Wilcox also said "The important thing is that it is upbeat. We insist on that in everything that we do. Whether the story is in a Liverpool gambling den or a Park Lane penthouse. Downbeat subjects encourage the hooligans. They sneer at the situations. They guy the love scenes. They throw things. People say television is killing the cinema. They forget hooliganism. Together they are a frightening team."

The Rank Organisation issued a single sung by Anne Heywood in the film on its record label.

Mike Pratt and Lionel Bart wrote songs for the film.

==Critical reception==
Variety wrote the film "is shrewdly designed to exploit [Vaughn's] growing stature as a film star. But, wisely, Miss Neagle has not put all her eggs in the Vaughan basket. She has assembled a very sound cast around him. Result is an amiable romantic comedy, with three pop songs injected for good measure."

The Monthly Film Bulletin wrote: "It has long been almost axiomatic that the British cannot make musicals. One might therefore expect that a producer as experienced in the entertainment business as Anna Neagle would know how to avoid the more obvious pitfalls. But apparently not, for she remains content to cling to the outworn conventions; moreover she has chosen a script whose witlessness and banality make it almost a parody of the worst British comedies of the Thirties. It abandons all pretensions to plot after the first half-hour and becomes simply a series of unrelated incidents. Frankie Vaughan looks self-conscious throughout, and Anne Heywood struggles vainly against the most hideous costumes and hair-styles that she has ever had to wear. Tony Britton brings off the considerable feat of making his material sound witty; in fact his whole performance has a style and polish that can only expose the inadequacy of his fellow artists. There are several good "pop" songs, but they are presented so tamely that it is hard to believe that the director is the veteran Herbert Wilcox. He has, in the past, shown a keen awareness of popular taste, but this time he may find that he has overestimated the tolerance of his audience."

Kinematograph Weekly wrote "The script, flecked by whimsy, lacks originality, but at least the "corn bin" is full to the brim. Moreover, its popular players, headed by Frankie Vaughan, dish it out for all they're worth against widely varied backgrounds to the accompaniment of a catchy signature tune."

In the Radio Times, David Parkinson gave the film two out of five stars, and wrote, "Veteran director Herbert Wilcox bowed out of films with this undistinguished and wholly unconvincing slice-of-life drama, which was produced by his actress wife Anna Neagle ... Anthony Newley cashes in on a showy supporting role and Vaughan scored a chart hit with the title song."

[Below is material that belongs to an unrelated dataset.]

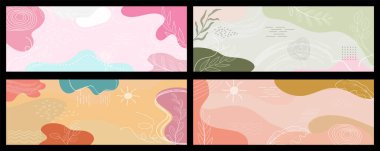 Soyut tropikal yaprak seti. orman tropikal arkaplan, bitki vektörü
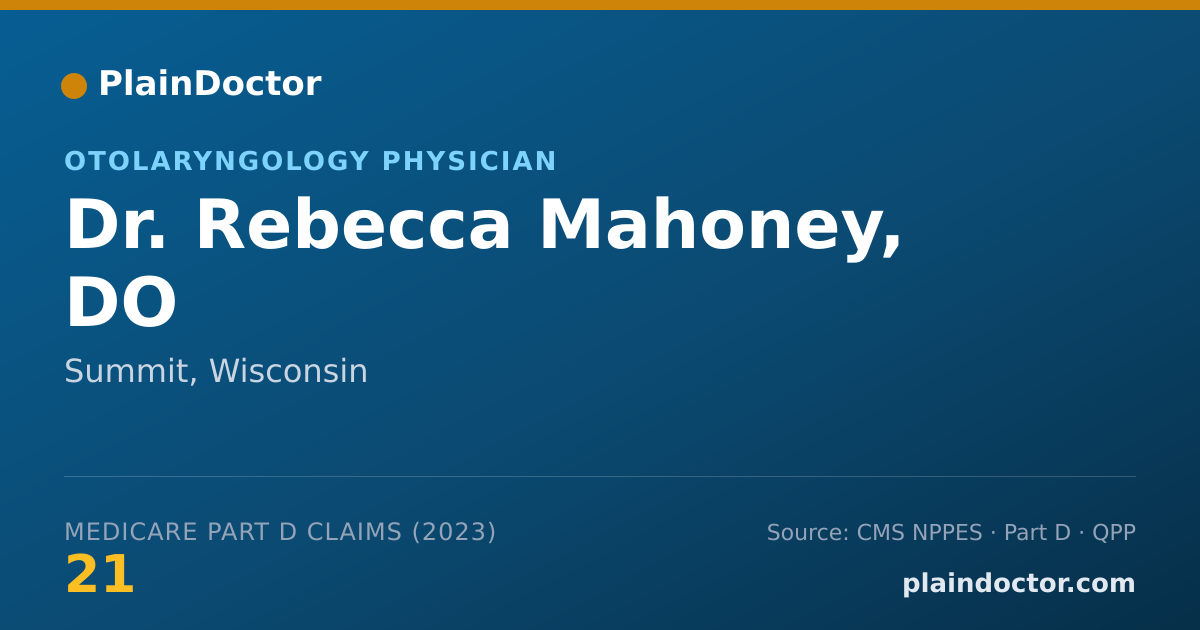 Shareable card for Rebecca Mahoney, DO - Otolaryngology Physician, Summit, WI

In British Sound Films: The Studio Years 1928–1959 David Quinlan rated the film as "mediocre", writing: "Dated vehicle for Vaughn; the title song was a big hit."

In April 1959 it was reported Vaughan and Anna Neagle would make another film, where Neagle would play Mrs. Bruselmans, a Belgian woman who played "a heroic undercover role in Brussels during the war". In June 1959 Vaughan announced he would make a film for Wilcox and Neagle where he played a GI in Rome who befriends a wait. However the film was never made.